The Musudan is an intermediate-range ballistic missile capable of traveling 1,500 to 2,500 miles - putting the U.S. territory of Guam within reach - and of carrying a 1.3-ton nuclear warhead, according to the Nuclear Threat Initiative.
North Korea has displayed the Musudan at its military parades and is believed to have supplied assembly kits for the missile to Iran, but it had never tested this model of missile before.
Jeffrey Lewis, head of the East Asia program at the James Martin Center for Nonproliferation Studies in California, said that the failure would "reinforce the persistent denial" about North Korea's capabilities.
"But in fact, they will have learned a lot from this launch. Not as much as they would have learned if it had succeeded, but still something," Lewis said.
The Musudan uses the same sort of engine as the submarine-launched ballistic missile that North Korea tested last year but which also failed.
"Clearly they have a problem, but maybe next time it will work. It took them a couple of launches to get the Taepodong-2 going," Lewis said, referring to the ballistic-missile technology that has now put two North Korean satellites into orbit.
In a string of increasingly ferocious threats through its state media, Kim Jong Un's regime has been vowing missile launches and nuclear attacks, often with specific threats to blow up New York, Washington and the South Korean presidential Blue House.
At the same time, North Korea has been making a series of claims about technological advances, from building solid-fuel rocket engines to miniaturizing nuclear warheads. The regime recently claimed that it could send a nuclear-tipped missile to the U.S. mainland.

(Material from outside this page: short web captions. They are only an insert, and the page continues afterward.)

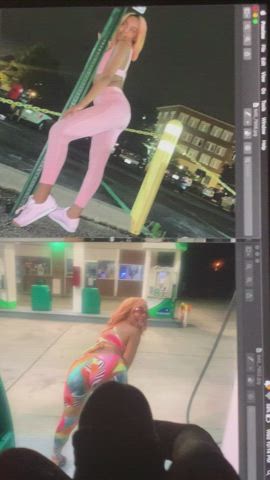 OF Thot ebony Lexx Wade @pmoscato Cum Tribute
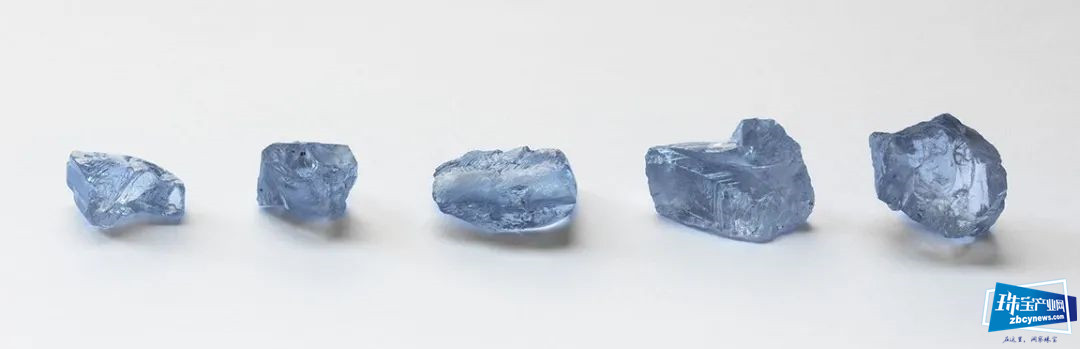 Petra Diamonds在南非库利南矿发现5颗高品质（IIb级）蓝钻毛坯石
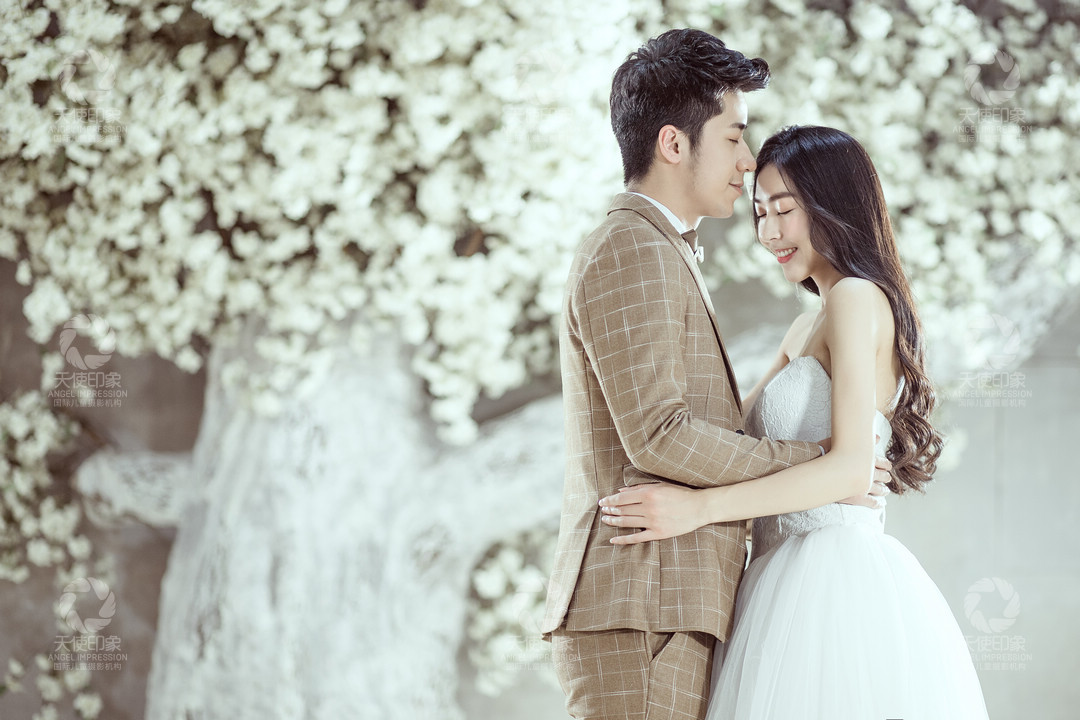 落英树下_成都儿童摄影_花锦馆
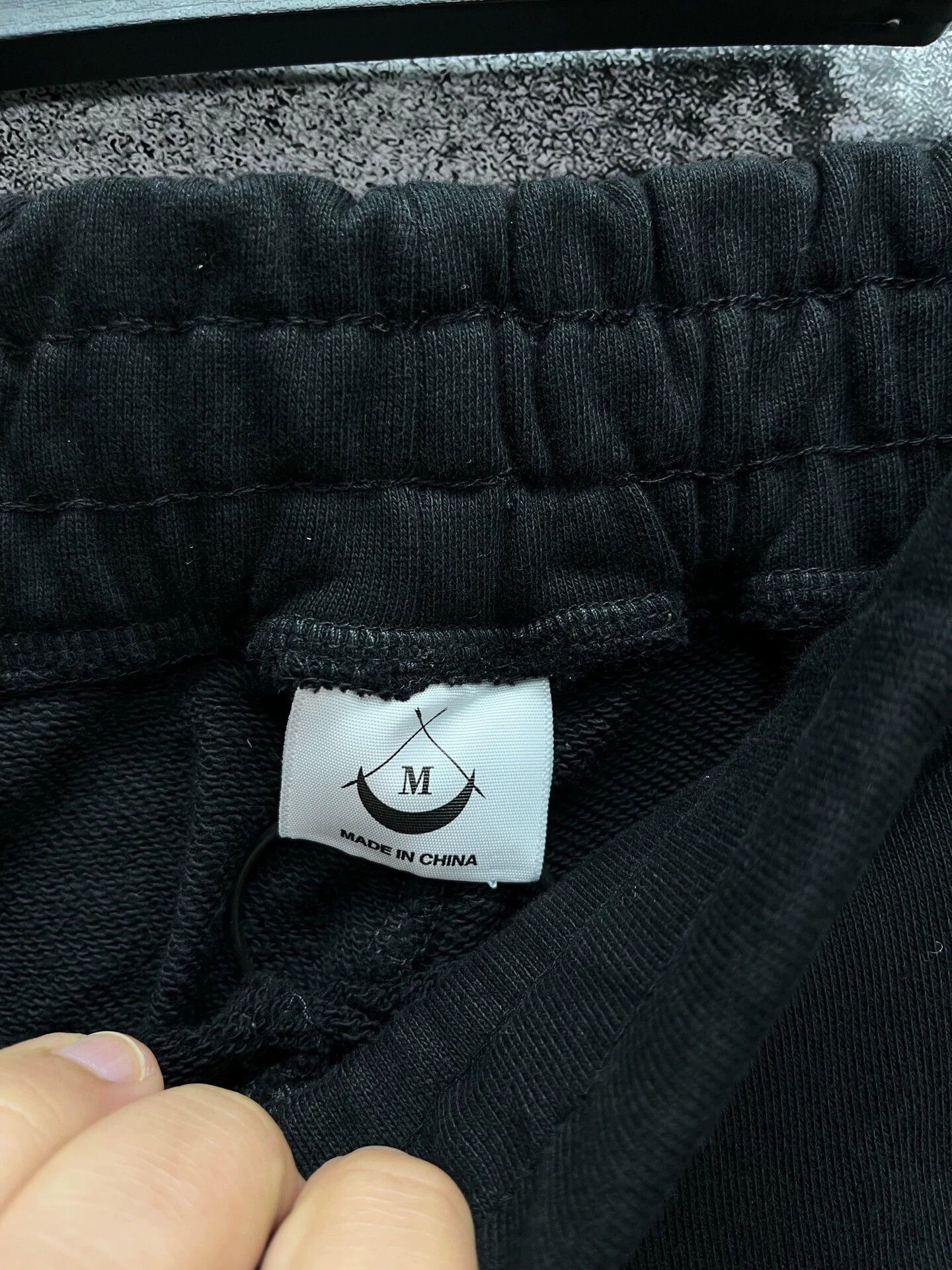 Black Scale BLVCK SCALE Rare Logo Sweatpants M New Size 28" / US 6 / IT 42 - 5 Thumbnail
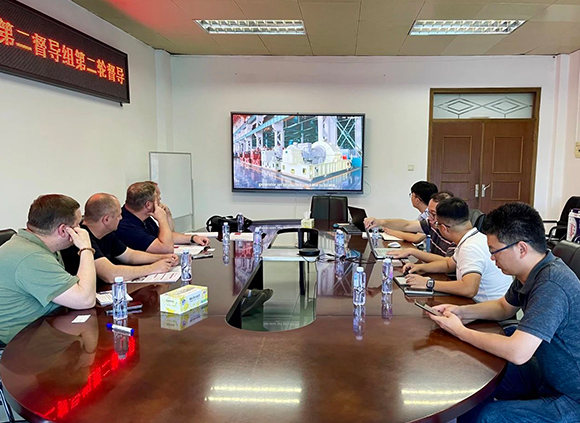 廣重集團(tuán)迎俄羅斯客商來(lái)訪，挖掘合作新機(jī)遇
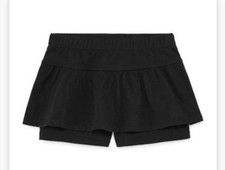 Okie Dokie Girl Skirt With Attached Shorts Pull-On Skate Shorts 3M NWT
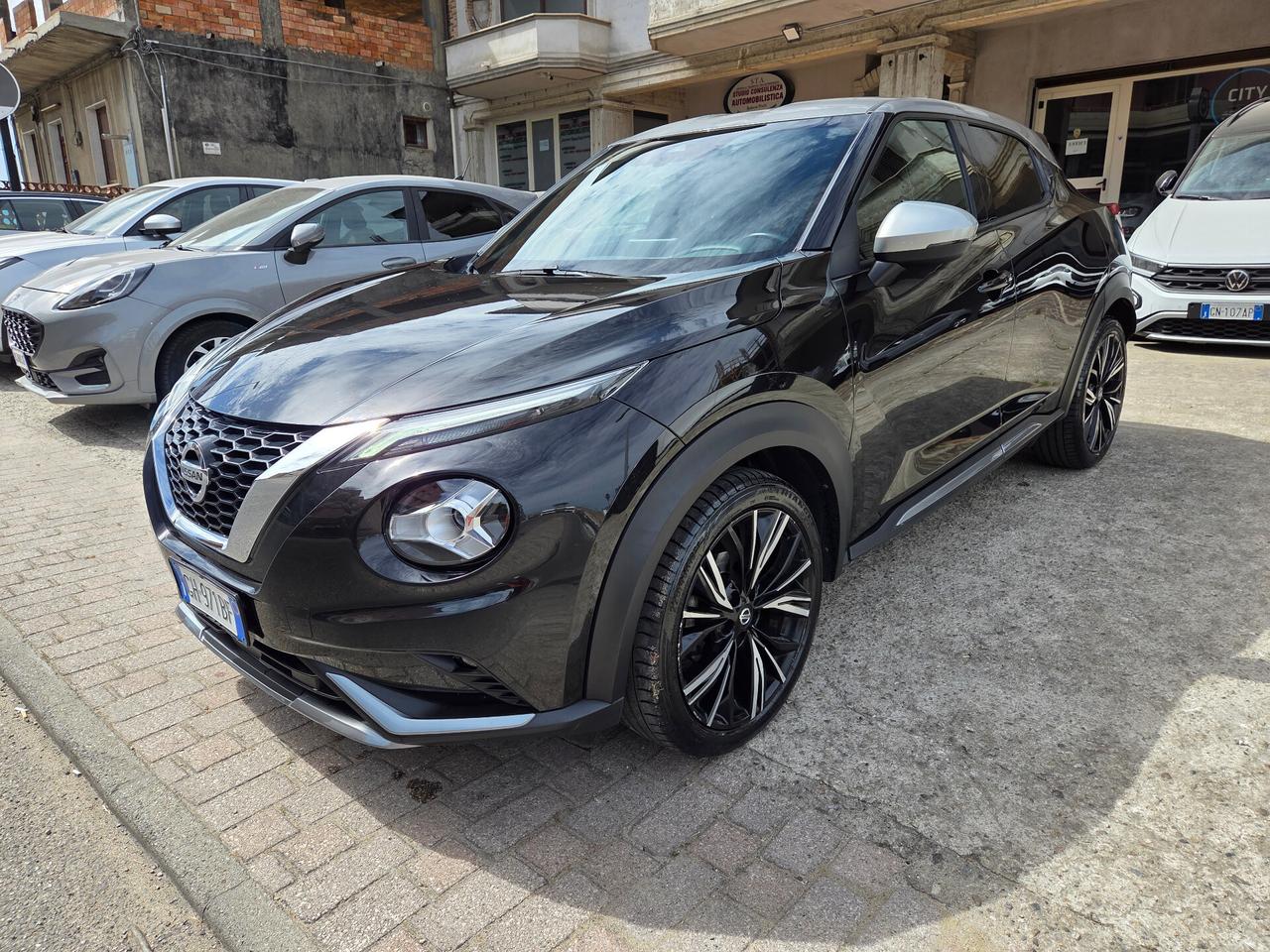 Nissan Juke 1.0 DIG-T 114 CV DCT N-Design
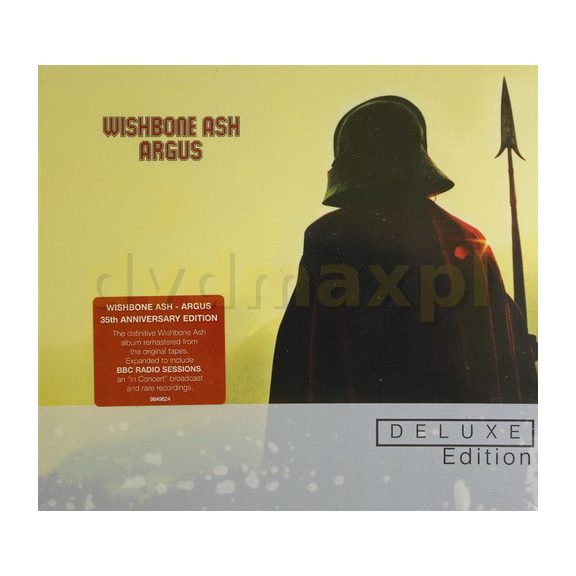WISHBONE ASH: Argus (2CD) WISHBONE ASH: Argus (2CD)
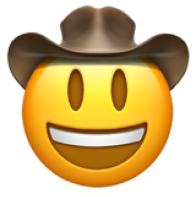 Cowboy Emoji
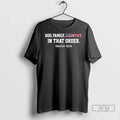 Officials Christian Patriot God Family Country In That Order Charlie Kirk T Shirts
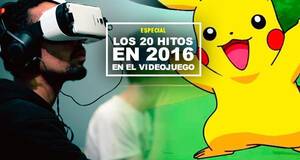 Los 20 hitos en 2016 en el videojuego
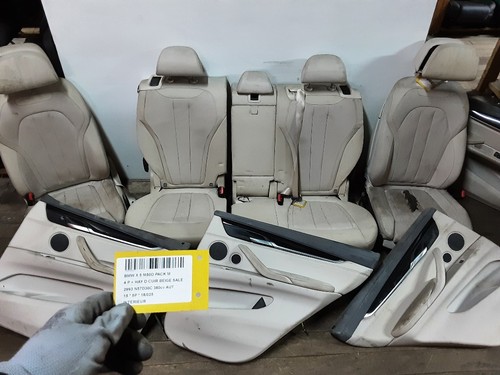 Interni completi bmw - x5, (f15)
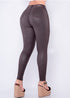Pantalón Skinny cuerina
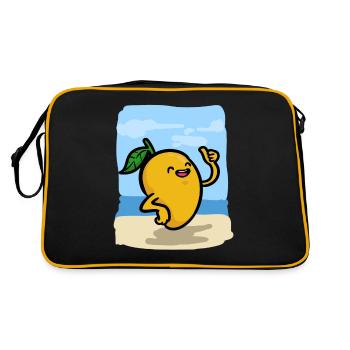 Mango on summer mango on summer - Retro Bag - black/gold - Back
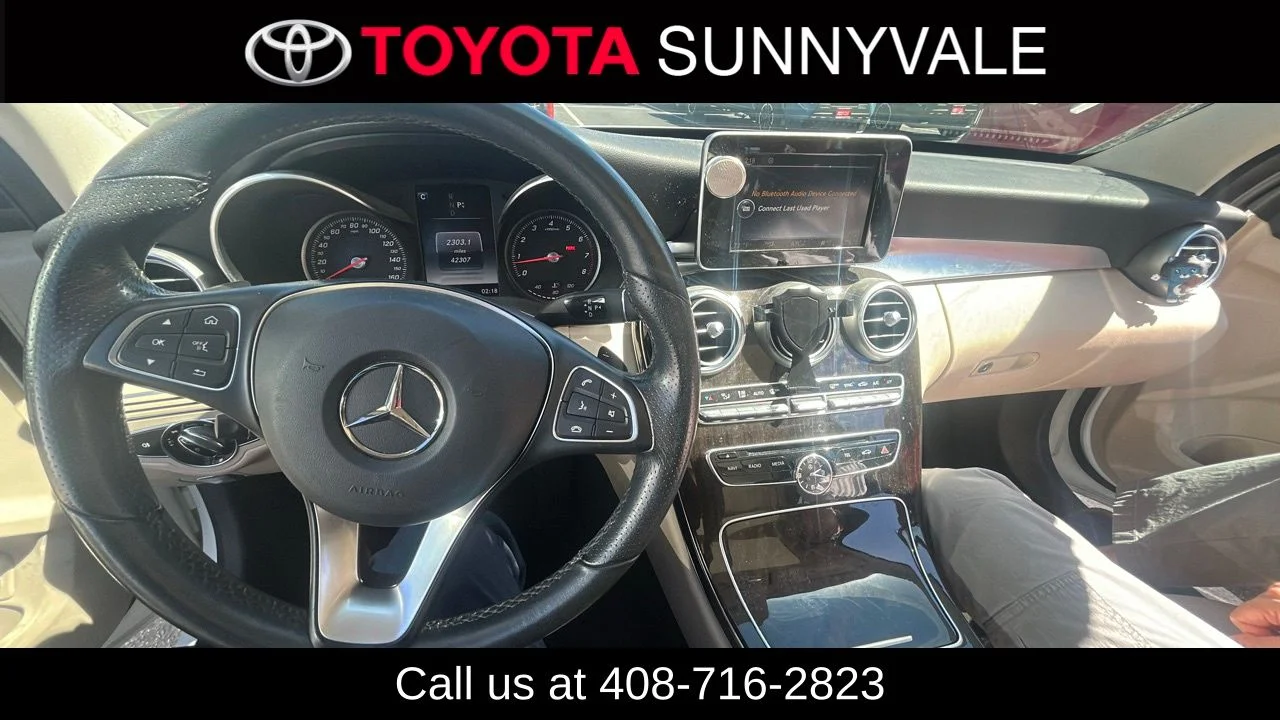Used 2017 White Mercedes-Benz C 300 image 4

Although this has not been proved, U.S. military officials and nonproliferation experts say that North Korea is clearly working toward this goal. The Musudan test could be part of this program.
At a hearing of a Senate Armed Services subcommittee this week, Brian McKeon, a senior Pentagon official, said that North Korea's weapons and missile programs pose a growing threat to the United States and its allies in East Asia.
North Korea is "seeking to develop longer-range ballistic missiles capable of delivering nuclear weapons to the United States and continues efforts to bring [a road-mobile intercontinental ballistic missile] to operational capacity," he said.
Although an untested long-range missile was unlikely to be reliable, North Korea's successful satellite launches showed it was mastering the technologies that would be needed, McKeon said.
Since Kim Jong Un ordered his military to conduct a fourth nuclear test in January - which North Korea claimed as a hydrogen-bomb explosion, although outside experts are highly skeptical - there has been a steady stream of projectiles emanating from North Korea.
In February, Kim oversaw the launch of what North Korea said was a satellite launch vehicle but which was widely viewed as part of an intercontinental ballistic missile program. Since then, there have been numerous short-range missile launches and rockets fired into the Sea of Japan.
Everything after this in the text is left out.